FOMO’s first line of aggression is your perception ( the “missing out” feeling) followed by compulsion ( i.e hustle mentality, online shopping, photo dumping, or any other excessive behaviors.) You can find many tips online on how to alter your emotions when FOMO finds its way into your programming. My favorite of these is to write but sometimes that task is a little too arduous and it is an unfair suggestion for those who aren’t naturally driven to the sport. There are other substitutions of course. Self-care rituals such as exercise, practicing gratitude, social media detox or off-loading your woes to your nearest confidant are the typical go-to cures for the “feeling less than” persons. But this type of positive-feely wisdom ( at least, to me) is fleeting and if anything it escapes from addressing the reality of how simple, little social constructs like a fun, trendy end of the year recap can sometimes lead you into temporary insanity (self-doubt.)
Am I doing enough?
Have I been enough?
Side-bar: I will not accept that I am the only one that has ever felt this way.
History says we all suffer over minutiae.
Minutiae are the trivial, minor things in life that seem to carry the weight of the world when they’re happening.
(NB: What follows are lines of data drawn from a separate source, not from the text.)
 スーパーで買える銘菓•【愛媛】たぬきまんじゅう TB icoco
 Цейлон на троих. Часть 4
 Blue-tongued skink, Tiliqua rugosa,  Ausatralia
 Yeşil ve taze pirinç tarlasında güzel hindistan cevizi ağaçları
It’s that moment when your fingers are fixed to text and cancel plans because “you don’t have anything to wear” or when a server’s glance lasts a beat too long and a once enjoyable dinner with your lover has become tight-necked and serious. In a few hours I’ll be toasting to a new year. Champagne, caviar, and lots of glitter are on their way. Misty white clouds have descended down onto Cleveland, the coastal city, and the future is up for grabs. Now is the time to remember I am not the center of the universe. The only person waiting for me to share what kind of year I’ve had is me.
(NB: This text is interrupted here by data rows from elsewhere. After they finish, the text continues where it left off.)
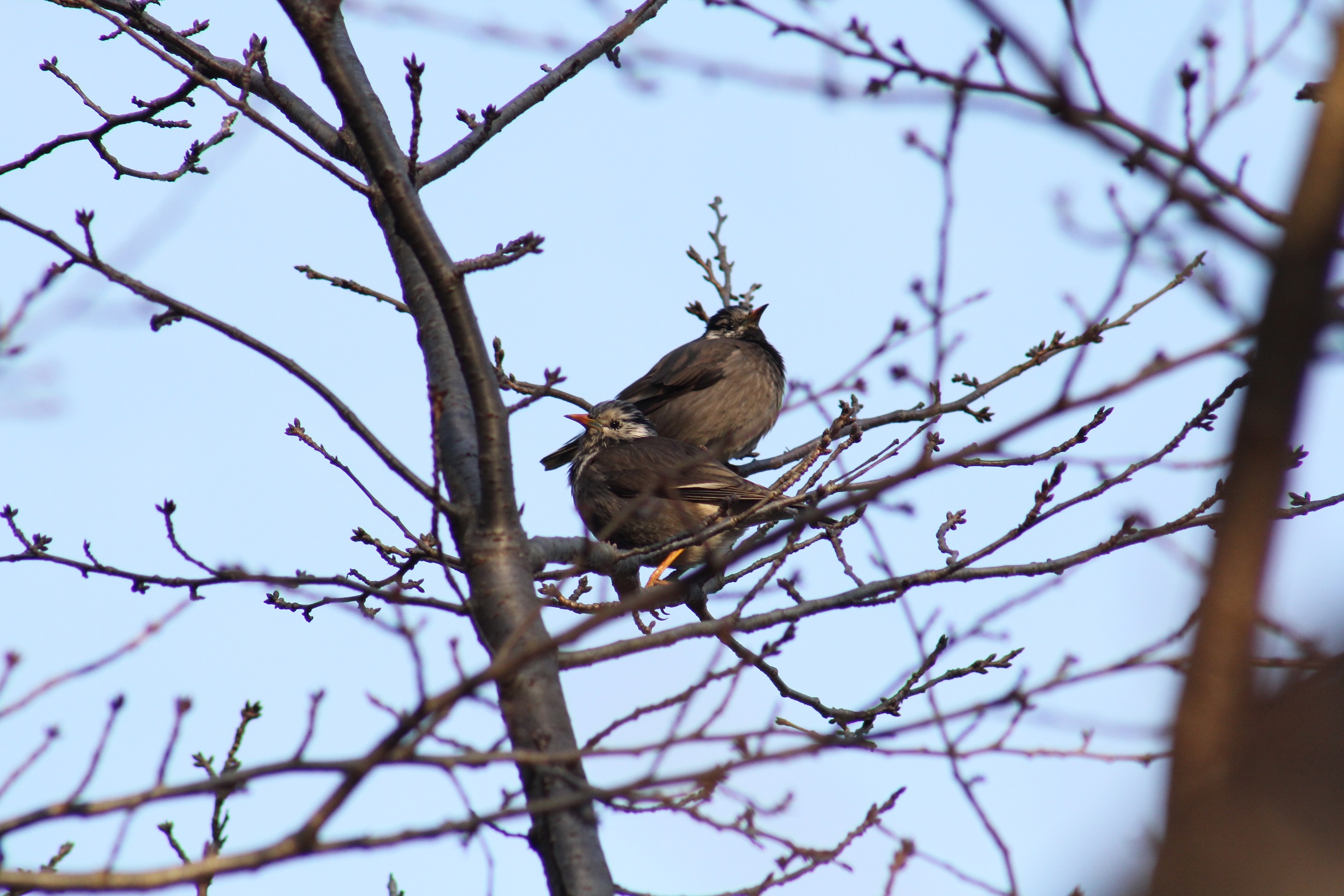 富岡総合公園 ケヤキ広場 野鳥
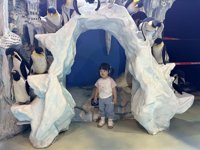 <h4>'IMG_2631.jpg' 1999 x 1500 | iPhone 16 Pro | 2025-05-31 12:08:04</h4>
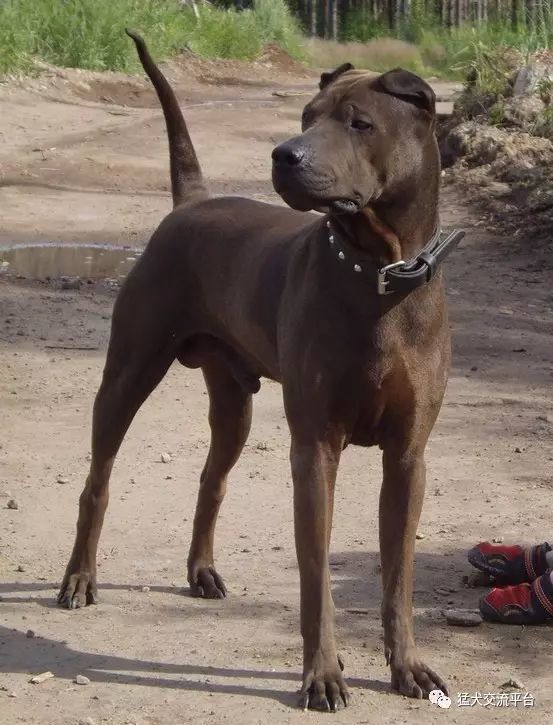 真正应该称为世界名犬的中国本土狗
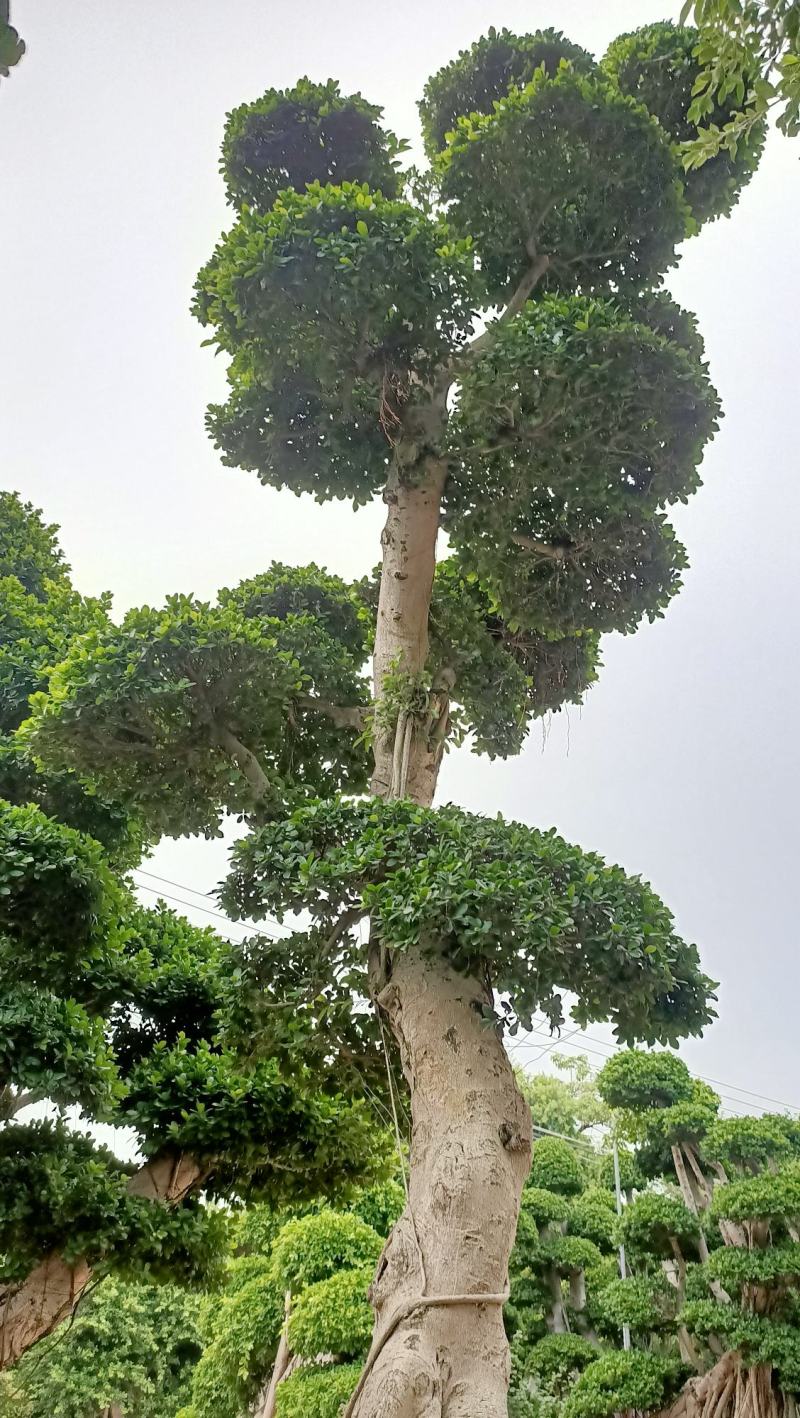 嫁接造型金钱榕树桩景，5米高造型小叶榕桩头，单杆造型榕桩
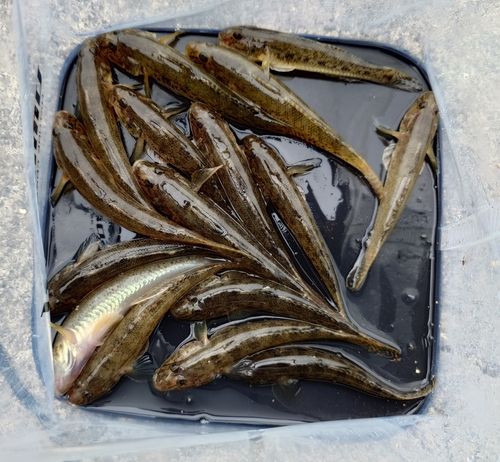 マハゼの釣果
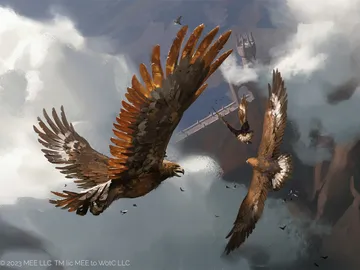 Eagles of the North 1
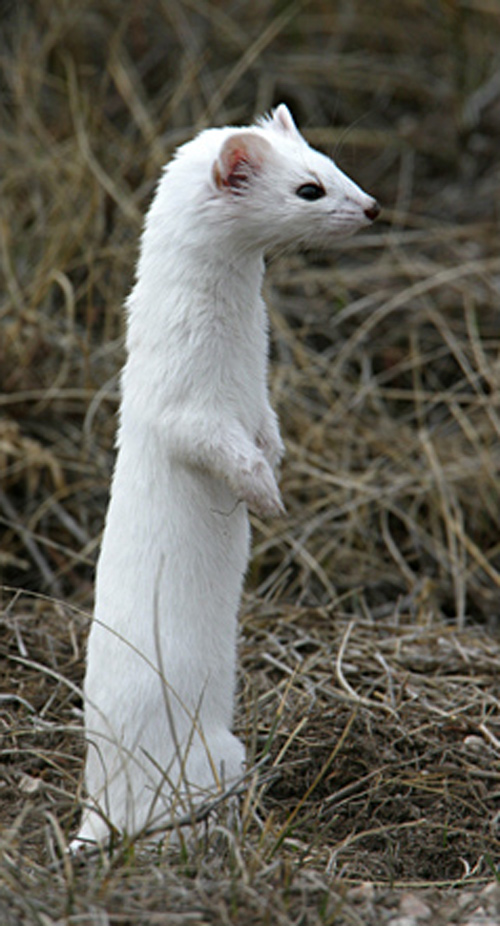 Long-tailed Weasels - Discover Lewis & Clark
What kind of year did I have?
Is who I am now what I was?
Am I happy with myself?
Answer(s): Foundational, no, yes.
I started the year with a mission: Do less or do nothing. An anti-new years resolution. It was my first year in which I could finally afford leisure and saw it as my window on how to learn how to rest. I wanted nothing from the world so I decided to give it the bare minimum in return. I would simply exist to exist. I slept in, I wandered, I played with my hair. I did not pick up extra projects. I said “no” a lot. I fought quiet battles. I learned to enjoy my own company. I got by with a little help from my friends. I proved to my inner-child that I could provide for her and keep her safe. I taught myself how to play. I learned how to give from love instead of giving to be loved. I lost my phone a lot. Those days were the best. I listened more. I was radically honest. I pushed out into the buffer zone and judged myself less. I fell in love with The Land. The ranking I had for myself climbed to the number one spot.
I’ve let go of the wheel.
Key Takeaways
World View(s)
- Most things created in a capitalist society were not made to make you feel good, rather it provides temporary satisfaction in hopes that in your come down from your momentary high that you crash into anxiety, depression, envy, and other self-deprecating thoughts so that you reach out for the next temporary solution. You are a customer first, human last. If the world is not serving you, step out of it. Don’t worry it’ll still be there. You are not the center of the universe.
- Fill in the blank Other people’s _____ does not negate my _____.
(ex. “ Other people’s success does not negate my own success.” / “ Other people’s happiness does not negate my own happiness.”
- Delusions are fun.
Personal View(s)
- You are loved.
- That inner voice that’s telling you that you’re not good enough was a learned language from someone that did not know how to take care of you. Recognize the inaccuracy, forgive the situation, and move on.
- Accept people for where they are.
- I am willing to lose in order to win.